MATTHIEU KASSOVITZ : INFORMER SUR HITLER, C’EST LUI DÉGUEULER DESSUS

            Dans un article publié en avril 2012 sur un livre de Jean-Denis Bredin, L’Infamie, j’énonçais ce principe essentiel du droidlomisme : ce n’est pas manquer à l’objectivité que de blâmer le fachisme. Je viens de tomber inopinément sur une magnifique illustration de cette règle éthique et épistémologique. La chaîne France 2 a coproduit il y a deux ans un documentaire en deux parties, réalisé par Isabelle Clarke et Daniel Costelle : Apocalypse Hitler. C’est Mathieu Kassovitz qui en a assuré la narration, en voix hors-champ. Pour accompagner la première diffusion, le journal 20 minutes a demandé à celui-ci une brève interviou, publiée le 25 octobre 2011. Les deux réponses centrales de ce bref commentaire de M. Kassovitz sur le téléfilm sont extraordinairement édifiantes. 

Justement votre manière de narrer est particulière et très empathique mathieu kassovitz

Daniel Costelle, le co-réalisateur, a une aversion pour tout ce qui vient du nazisme. Il me disait donc de « dégueuler » certains mots. J’ai retenu un peu en arrière, je me demandais pourquoi utiliser tel adjectif ou prononcer les mots de manière dégueulasse. Moi j’aurais préféré mettre moins l’accent sur nos opinions. Mais Daniel avait besoin d’appuyer sur ce point. 

Vous comprenez pourquoi ?

Bien sûr. Normalement, c’est vrai qu’un texte de documentaire ne dit pas « ils ont tort » ou « ils ont raison ». Mais bon, sur Adolf Hitler, dire « c’est un salopard », cela ne pose pas problème. Surtout, qu’il convient de guider un peu les jeunes téléspectateurs que nous visons. Si un enfant voit ces images de défilés, des drapeaux, tout ce graphisme hitlérien, cela peut l’attirer, cela a été conçu pour. Donc le commentaire aide à mettre une distance. 

            C’est avouer ingénument que ce documentaire, financé en partie par le contribuable français, ne se veut pas informatif ni objectif, mais résolument partial et propagandaire. L’exception Hitler est résolument assumée. La norme d’un documentaire, Kassovitz le reconnaît, c’est de chercher à expliquer, donc de s’abstenir de tout jugement moral. Mais avec le nazisme, la norme n’a plus cours. On peut en toute bonne conscience l’accabler de son mépris et de sa haine, on peut sans scrupule l’injurier grossièrement. Non seulement ce n’est pas une faute morale et scientifique, mais c’est une démarche salubre, hautement pédagogique, bref une attitude citoyenne. Pour n’importe quel sujet historique, on attend de l’historien qui se propose de l’expliquer qu’il fasse preuve d’un minimum d’empathie (c’est-à-dire d’identification [1]).

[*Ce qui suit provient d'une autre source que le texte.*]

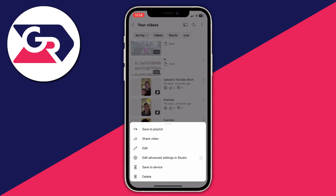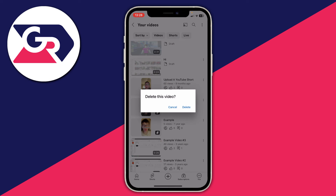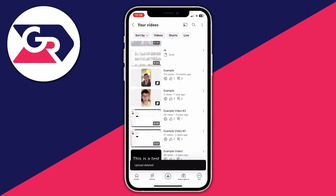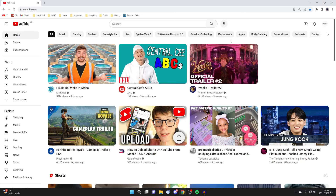Just remember deleting is permanent — you may want to save it before you do so. I'll click on delete and then press delete again, and just like that it's been deleted.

Mais cette règle ne s’applique pas avec le fachisme, où personne ne trouve à redire que celui qui se propose de l’expliquer aux jeunes générations le considère avec « aversion » (en tant qu’elle implique une répugnance physique, donc un recul, l’aversion s’oppose encore plus à l’empathie qu’à la sympathie). C’est même le contraire qui serait suspect. Tout ce qui a rapport avec le fachisme est nauséabond : il ne faut donc pas le traiter sur un autre mode que celui du dégueulis. Dire qu’Hitler est un salopard n’est pas un jugement, mais un constat. Qu’importe d’ailleurs ce qu’on entend exactement par « salopard » : l’essentiel est de manifester son horreur des heures les plus sombres de notre histoire et de protéger la lumière contre les ténèbres toujours menaçantes [2]. Car le Bien et le Mal sont des essences absolues, et le droidlomisme est une Vérité universelle. Catéchisons les petits enfants, au nom de la liberté. Formatons les esprits, au nom de la diversité.

 

Complément — Un ami m'écrit ceci, qui correspond tellement bien à ma pensée que j'aurais pu l'écrire moi-même et que je le rajoute à cet article : Personnellement, j'avais trouvé la narration insupportable. Cette façon de qualifier tout ce qui touchait aux nazis de « sinistre », de « barbare », d'« inhumain », d'« atroce » ou que sais-je, était ridicule au plus haut point et sentait d'ailleurs la méthode Coué pour quelqu'un redoutant de ressentir de l'empathie pour son sujet : on aurait mis des images d'Hitler mangeant une assiette de pâtes que Kassovitz nous aurait dit qu'il prenait un « funeste repas pour nourrir ses entrailles emplies de haine et d'énergie destructrice »... À un moment, il faut savoir dire : « Hitler mangeait souvent des pâtes ».



[1] L’ « empathie », mot à la mode, tend à se confondre avec la « sympathie », ce qui est un grave appauvrissement. L’interviouteur de 20 minutes l’emploie dailleurs de façon curieuse : on attendrait plutôt « antipathique » ! Je présume qu’il veut dire niaisement que le narrateur cherche l’empathie non pas avec le sujet, mais avec le téléspectateur, en se faisant le porte-parole de son dégoût instinctif devant ce qu’il voit. Kassovitz est un peu moins borné, en indiquant dans sa réponse suivante que ces images peuvent au contraire séduire des esprits fragiles.

[2] Malheureusement, comme dans toute époque subissant une religion d’État, aucun inquisiteur n’est assuré de ne jamais se retrouver lui-même un jour sur le bûcher des hérétiques. Et Mathieu Kassovitz le sait mieux que personne ! Suite à ses déclarations de 2009 donnant crédit à la thèse complotiste sur le 11-septembre, il s’est lui-même vu comparé à Joseph Goebbels par un blogueur (dont il a obtenu la condamnation), qualifié de « révisionniste » par un journaliste de France Info et comparé à Robert Faurisson par un journaliste de L’Express (qui tous deux ont été relaxés). Eh oui, il ne suffit pas de dégueuler sur Hitler pour ne pas être soi-même suspect d’accointances infâmes avec le nazisme ! Ne jamais déraper exige une attention de tous les instants. Le diable s’insinue partout, mais – grâce à Dieu, ou à la vigilance citoyenne permanente à laquelle le Système nous contraint – un pur trouve toujours un plus pur qui l’épure.